India slams Erdoğan for Kashmir remarks at UN
(Updates with Republic World comments)
India lambasted remarks by Turkish President Recep Tayyip Erdoğan on Kashmir during his speech to the United Nations General Assembly (UNGA).
Erdoğan's comments "constitute gross interference in India’s internal affairs and are completely unacceptable,” T S Tirumurti, India’s permanent representative to the U.N., said in a tweet on Wednesday.
"Turkey should learn to respect sovereignty of other nations and reflect on its own policies more deeply,” he said.
We have seen remarks by President of Turkey on Indian UT of Jammu & Kashmir. They constitute gross interference in India’s internal affairs and are completely unacceptable. Turkey should learn to respect sovereignty of other nations and reflect on its own policies more deeply.— PR UN Tirumurti (@ambtstirumurti) September 22, 2020
During a general debate at the U.N., Erdoğan said the topic of Jammu and Kashmir remained a “burning issue”, and that a resolution was important to stability and peace in the region.
“Steps taken following the abolition of the special status of Jammu-Kashmir further complicated the problem,” the Turkish president said in a pre-recorded video message. He also called for the matter to be resolved through negotiation.
The Indian-Pakistani dispute over Kashmir has led to several conflicts since the countries’ partition in 1947. The Indian government withdrew the autonomy of Kashmir in August last year, shutting down internet access in the region and detaining activists and politicians.
Erdoğan, an outspoken critic of Indian policy toward Kashmir, said during a speech at the Pakistani parliament in February that resolving the future of the occupied region was of similar importance to Turkey’s own war of independence early last century.
The strategic relationship between Turkey and Pakistan has strengthened in the last few years, and Erdoğan has been bringing up the Kashmir issue at international gatherings.
Turkey and Pakistan have close defence links, with the countries participating in joint naval exercises in the eastern Mediterranean, where Turkey is embroiled in energy disputes. The two countries inked a dual citizenship deal last year.

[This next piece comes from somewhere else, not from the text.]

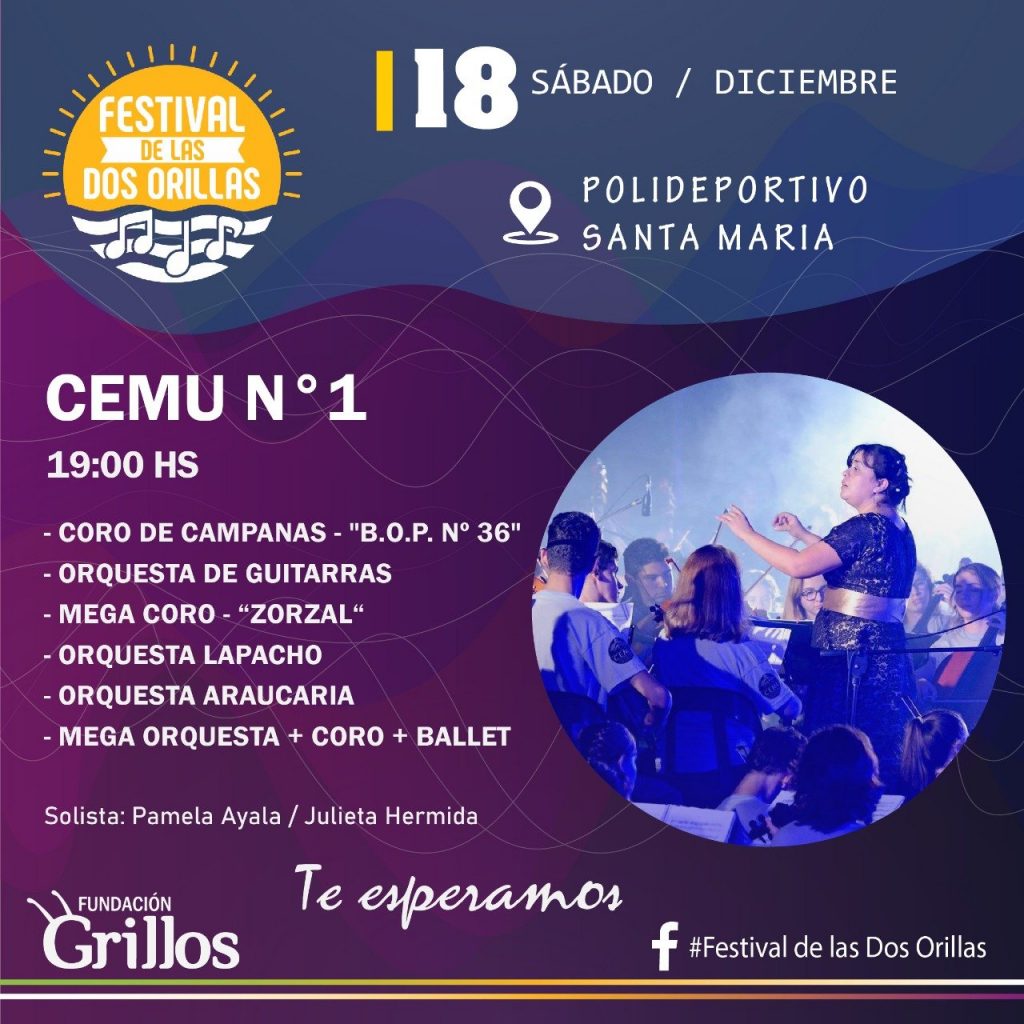 festival de las dos orillas
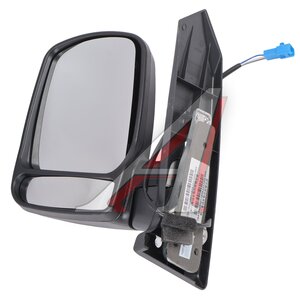 Изображение 1, 8202100R004-MX Зеркало боковое JAC Sunray SOLLERS Atlant левое MOVELEX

Islamabad has also signed up to buy 30 Turkish ATAK helicopters by next year, the two countries are jbuilding a 17,000-tonne tanker in pakistan’s southern port city of Karachi, and Turkey is supplying the Pakistani navy with four corvettes in a multi-billion dollar deal hailed as the biggest ever for the Turkish defence industry.
One of the reasons behind Erdoğan's support for Islamabad is Ankara's interest in launching its own nuclear arms programme, Indian news website Republic World said on Wednesday.
Erdoğan increasingly sees Pakistan, one of the nine countries in the world that owns nuclear weapons, as a potential partner for Turkey’s possible attempts to acquire a nuclear capability, it said.
Erdoğan signalled his interest in acquiring nuclear weapons in a speech to the UNGA last year, wheh he said weapons of mass destruction should be forbidden or allowed for all countries.